The study of 56 students with jobs (at Northern Illinois University, the University of Evansville and Auburn University) had raters take 10 minutes to scan students' profiles and answer questions projecting their work performance.
The raters, who were a university professor and two student peers, took note of photos, comments, level of education, hobbies, travel photos, and hobbies. Then they answered questions about the Facebooker's emotional stability or dependability.
Six months later, those projections were matched against actual reports from the student's supervisors on their work performance, and the results were surprisingly comparative—especially concerning traits like agreeability, conscientiousness, and intellectual curiosity.
In 10 minutes, raters had predicted what months of job supervision had gradually revealed. Well-travelled students were open to new experiences at work; those pictured with lots of other people were friendly to coworkers; those with a lot of negative comments and status updates were low on morale at the office.
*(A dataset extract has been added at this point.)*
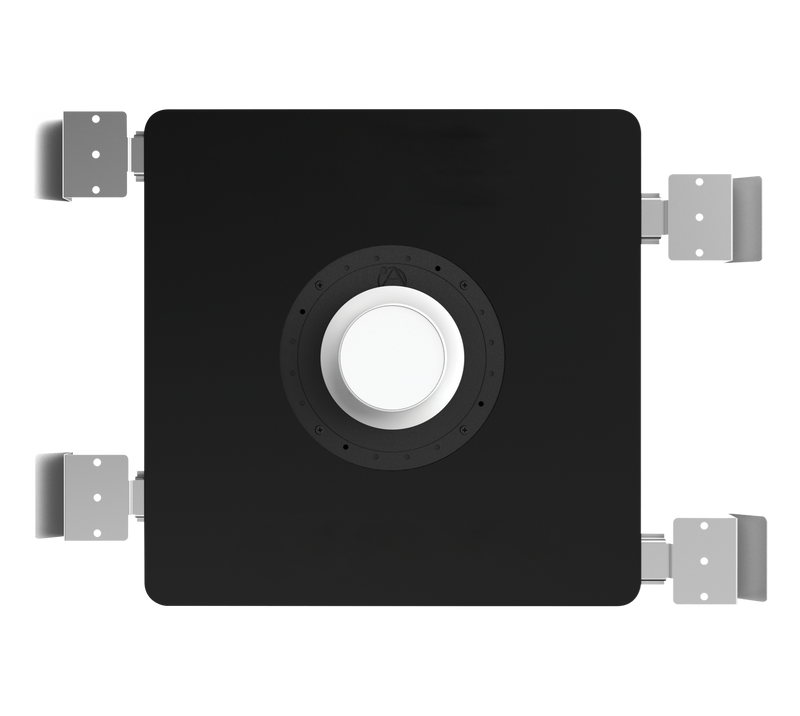 SHS-6T2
Researchers have suggested that the high level of correlation between Facebook and real life comes from the audience we're targeting all those status updates for. It's harder for us to hide our personalities from the people already in our lives than it is from a strange recruiter. We're more likely to be filter-free with our thoughts and ideas for the people on our friends list than we are with a recruiter from our dream company.
This effect can be troublesome for those of us who would go to great lengths to hide a disdain for authority on an interview, or neglect to mention our love of illicit substances. But for job seekers with nothing serious to hide, the transparency might be positive. A good career fit for you shouldn't require hiding your true colors, and if this study is any indication, people looking at your Facebook photos are less likely to get hung up on a detail—like a drink in your hand—and more likely to see a bigger picture: that you have a life.
So yes, chill on the negativity, remove overtly glassy eyed party pics, and try to post a few more activity or group shots than glamour photos. But after that, stop worrying so much. We're all human, even recruiters.